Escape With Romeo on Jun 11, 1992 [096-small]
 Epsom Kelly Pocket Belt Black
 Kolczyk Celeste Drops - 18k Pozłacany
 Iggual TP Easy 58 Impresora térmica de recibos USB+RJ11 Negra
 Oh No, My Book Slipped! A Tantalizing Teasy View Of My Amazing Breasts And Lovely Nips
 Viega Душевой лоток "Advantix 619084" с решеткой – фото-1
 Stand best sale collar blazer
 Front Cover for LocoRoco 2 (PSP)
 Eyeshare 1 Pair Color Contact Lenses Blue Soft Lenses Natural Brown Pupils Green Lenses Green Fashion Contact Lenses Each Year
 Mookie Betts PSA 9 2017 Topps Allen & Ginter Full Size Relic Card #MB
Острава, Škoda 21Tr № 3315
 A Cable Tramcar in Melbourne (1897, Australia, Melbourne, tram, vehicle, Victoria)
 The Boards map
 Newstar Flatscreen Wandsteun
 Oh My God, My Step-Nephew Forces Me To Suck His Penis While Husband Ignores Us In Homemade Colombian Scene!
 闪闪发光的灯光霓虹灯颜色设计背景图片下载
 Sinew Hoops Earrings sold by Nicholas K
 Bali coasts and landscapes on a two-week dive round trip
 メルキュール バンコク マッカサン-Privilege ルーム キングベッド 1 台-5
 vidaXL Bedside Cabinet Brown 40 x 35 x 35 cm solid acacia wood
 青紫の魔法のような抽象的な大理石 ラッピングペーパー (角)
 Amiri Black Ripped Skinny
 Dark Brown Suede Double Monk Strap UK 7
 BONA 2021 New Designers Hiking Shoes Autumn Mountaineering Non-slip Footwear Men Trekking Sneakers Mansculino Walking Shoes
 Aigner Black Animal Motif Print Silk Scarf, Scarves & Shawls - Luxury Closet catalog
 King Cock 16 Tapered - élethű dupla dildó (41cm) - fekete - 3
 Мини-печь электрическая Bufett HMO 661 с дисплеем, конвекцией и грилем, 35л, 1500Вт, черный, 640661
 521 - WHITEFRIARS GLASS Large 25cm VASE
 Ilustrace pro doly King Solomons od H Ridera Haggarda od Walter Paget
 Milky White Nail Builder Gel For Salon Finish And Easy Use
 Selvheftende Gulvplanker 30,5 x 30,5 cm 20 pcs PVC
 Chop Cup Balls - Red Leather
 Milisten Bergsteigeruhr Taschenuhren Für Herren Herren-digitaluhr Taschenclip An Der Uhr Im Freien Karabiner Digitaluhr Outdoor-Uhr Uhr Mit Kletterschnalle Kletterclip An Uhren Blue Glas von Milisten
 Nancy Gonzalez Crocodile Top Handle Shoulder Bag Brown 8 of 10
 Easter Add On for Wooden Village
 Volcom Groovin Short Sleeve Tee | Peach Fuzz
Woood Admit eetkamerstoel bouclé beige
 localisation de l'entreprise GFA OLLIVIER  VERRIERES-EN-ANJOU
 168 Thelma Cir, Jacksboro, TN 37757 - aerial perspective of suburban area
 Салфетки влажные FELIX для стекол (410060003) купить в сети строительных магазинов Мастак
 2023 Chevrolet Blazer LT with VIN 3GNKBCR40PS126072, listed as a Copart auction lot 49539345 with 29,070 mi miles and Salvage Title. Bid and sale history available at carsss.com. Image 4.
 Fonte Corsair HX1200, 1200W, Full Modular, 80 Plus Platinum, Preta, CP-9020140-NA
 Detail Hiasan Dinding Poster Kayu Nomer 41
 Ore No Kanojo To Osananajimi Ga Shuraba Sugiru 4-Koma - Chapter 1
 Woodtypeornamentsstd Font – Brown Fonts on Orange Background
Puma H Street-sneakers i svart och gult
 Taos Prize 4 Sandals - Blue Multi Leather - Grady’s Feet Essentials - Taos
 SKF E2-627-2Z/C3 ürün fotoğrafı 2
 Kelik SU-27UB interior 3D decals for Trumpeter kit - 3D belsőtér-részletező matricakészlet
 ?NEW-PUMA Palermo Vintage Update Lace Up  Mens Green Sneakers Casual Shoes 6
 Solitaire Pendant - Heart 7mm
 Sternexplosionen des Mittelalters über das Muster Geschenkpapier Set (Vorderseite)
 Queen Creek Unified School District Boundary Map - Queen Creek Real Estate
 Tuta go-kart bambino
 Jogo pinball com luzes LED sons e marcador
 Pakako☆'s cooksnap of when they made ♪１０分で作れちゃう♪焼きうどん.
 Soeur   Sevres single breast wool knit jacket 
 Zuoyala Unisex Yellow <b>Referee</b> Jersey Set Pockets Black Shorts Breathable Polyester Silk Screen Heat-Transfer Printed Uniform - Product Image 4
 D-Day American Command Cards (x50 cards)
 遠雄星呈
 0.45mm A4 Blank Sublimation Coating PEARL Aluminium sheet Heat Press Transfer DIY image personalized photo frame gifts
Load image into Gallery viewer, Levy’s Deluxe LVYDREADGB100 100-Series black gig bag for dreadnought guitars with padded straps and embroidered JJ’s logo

━━━━━━━━━━━━━━━━━━━━

EXERCISE DIRECTIONS: Only the lines from the one containing "Woodtypeornamentsstd Font –" through the end of the records above belong in the answer, each exactly as written.

EXERCISE ANSWER:
 Woodtypeornamentsstd Font – Brown Fonts on Orange Background
Puma H Street-sneakers i svart och gult
 Taos Prize 4 Sandals - Blue Multi Leather - Grady’s Feet Essentials - Taos
 SKF E2-627-2Z/C3 ürün fotoğrafı 2
 Kelik SU-27UB interior 3D decals for Trumpeter kit - 3D belsőtér-részletező matricakészlet
 ?NEW-PUMA Palermo Vintage Update Lace Up  Mens Green Sneakers Casual Shoes 6
 Solitaire Pendant - Heart 7mm
 Sternexplosionen des Mittelalters über das Muster Geschenkpapier Set (Vorderseite)
 Queen Creek Unified School District Boundary Map - Queen Creek Real Estate
 Tuta go-kart bambino
 Jogo pinball com luzes LED sons e marcador
 Pakako☆'s cooksnap of when they made ♪１０分で作れちゃう♪焼きうどん.
 Soeur   Sevres single breast wool knit jacket 
 Zuoyala Unisex Yellow <b>Referee</b> Jersey Set Pockets Black Shorts Breathable Polyester Silk Screen Heat-Transfer Printed Uniform - Product Image 4
 D-Day American Command Cards (x50 cards)
 遠雄星呈
 0.45mm A4 Blank Sublimation Coating PEARL Aluminium sheet Heat Press Transfer DIY image personalized photo frame gifts
Load image into Gallery viewer, Levy’s Deluxe LVYDREADGB100 100-Series black gig bag for dreadnought guitars with padded straps and embroidered JJ’s logo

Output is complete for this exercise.